Let’s make 2015 the year to hire in your small business. Why? Because you want to grow your business.

Most small business owners and entrepreneurs want growth. They want to see their business expand, with more customers and greater sales and profits. But one of “Rhonda’s Rules” is: “You can’t grow alone.”

If you want to build a company of any significant size or value, you need help. You need to build a team of employees and/or contractors.

Don’t think you need help? Well, ask yourself this question: Are you creating a job or are you creating a business?

If you’re creating a job for yourself — self-employment — then it’s fine to try to do everything on your own. But if you want to create something that has value beyond just selling your time — if you want to create wealth — then you need to build a business. And that means you need to develop a team.

Hiring changed my business. I wish I had done it sooner.

I was a self-employed consultant doing rather well. But I spent much of my time running to the post office, sending out invoices and handling paperwork. That was time I could have spent searching for and serving new clients, writing books and columns, and making more money.

So one day, I took the plunge and hired a part-time administrative assistant. I paid just $10 an hour for 20 hours a week. I was lucky; I found a cracker-jack person. It changed my life. Since then, I’ve hired many more employees and contractors. And my business has grown in size and in value.

Hiring can change your business, too. And like I did, you can start small.

Why should you hire?

1. Hiring grows your business. Having a team enables you to concentrate your time and energies on the work you do best, rather than administrative or sales tasks. It increases your company’s overall capacity. You can sell more because you have more resources to serve additional clients or customers.

2. Hiring changes your life. Working alone can be lonely. It’s hard to stay motivated and make all the decisions yourself. Having someone else on board brings you skills and capabilities you don’t have yourself, ideally balancing your weaknesses. And, as you grow your overall revenues, you increase the likelihood that you could sell your business one day.

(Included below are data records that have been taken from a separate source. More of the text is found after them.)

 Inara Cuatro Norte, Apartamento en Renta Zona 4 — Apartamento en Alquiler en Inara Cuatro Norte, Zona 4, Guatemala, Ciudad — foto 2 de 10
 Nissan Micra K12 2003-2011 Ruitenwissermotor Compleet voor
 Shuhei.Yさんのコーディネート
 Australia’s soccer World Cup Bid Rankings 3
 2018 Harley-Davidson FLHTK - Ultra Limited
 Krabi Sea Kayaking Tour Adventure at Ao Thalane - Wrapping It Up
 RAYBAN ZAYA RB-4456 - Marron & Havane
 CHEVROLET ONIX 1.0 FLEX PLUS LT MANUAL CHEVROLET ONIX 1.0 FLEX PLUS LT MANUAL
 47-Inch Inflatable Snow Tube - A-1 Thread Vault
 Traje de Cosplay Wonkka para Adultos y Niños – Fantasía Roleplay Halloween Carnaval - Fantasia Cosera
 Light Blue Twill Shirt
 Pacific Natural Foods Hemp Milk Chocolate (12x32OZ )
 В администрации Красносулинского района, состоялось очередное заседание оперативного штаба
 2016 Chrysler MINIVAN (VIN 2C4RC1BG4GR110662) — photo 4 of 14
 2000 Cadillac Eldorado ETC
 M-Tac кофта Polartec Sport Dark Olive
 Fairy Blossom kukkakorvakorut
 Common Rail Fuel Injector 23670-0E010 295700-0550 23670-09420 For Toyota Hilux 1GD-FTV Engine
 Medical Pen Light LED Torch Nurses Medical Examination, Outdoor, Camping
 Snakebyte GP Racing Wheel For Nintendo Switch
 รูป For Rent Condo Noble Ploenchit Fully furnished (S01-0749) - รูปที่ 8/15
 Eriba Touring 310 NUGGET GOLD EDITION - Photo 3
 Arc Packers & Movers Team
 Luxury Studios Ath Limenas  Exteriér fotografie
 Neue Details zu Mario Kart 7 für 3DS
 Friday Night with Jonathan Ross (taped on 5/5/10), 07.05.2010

3. Hiring changes the world. According to the Small Business Association, in 2010 there were 27.9 million small businesses in the U.S., and three-quarters of them had no employees. If a mere 1 percent of them hired just one employee, they’d create more than 200,000 new jobs.

How much can you pay?

Of course, hiring costs money. To figure out how much you can afford:

1. Review your current monthly cash flow. Will you have enough money in the bank each month to make payroll? Even if your business is profitable at the end of the year, you must pay employees and contractors bi-weekly or monthly. So first take a realistic look at your monthly dollars in and dollars out.

2. Estimate your current monthly profit. Have you consistently been generating enough income to support the type of help you need, as well as yourself?

3. Estimate expected additional income. The goal of hiring employees is to enable you to make more money. How much will your new employee realistically generate? Be conservative.

4. Estimate how much you’ll have to pay. Once you decide what role and tasks you want your new employee or contractor to assume, determine comparable pay rates.

5. Estimate monthly taxes and benefits. Don’t forget that you also have to pay taxes and cover the cost of any benefits for employees.

6. Estimate additional costs. Will you pay higher rent for more space, have increased telecom, travel or energy expenses? Make an estimate of these costs as well.

But don’t be deterred. Sure, hiring employees or contractors costs money. But it’s an investment in your business and your future. Remember, if you want to grow, you need help. So let’s make 2015 the year to hire in your small business.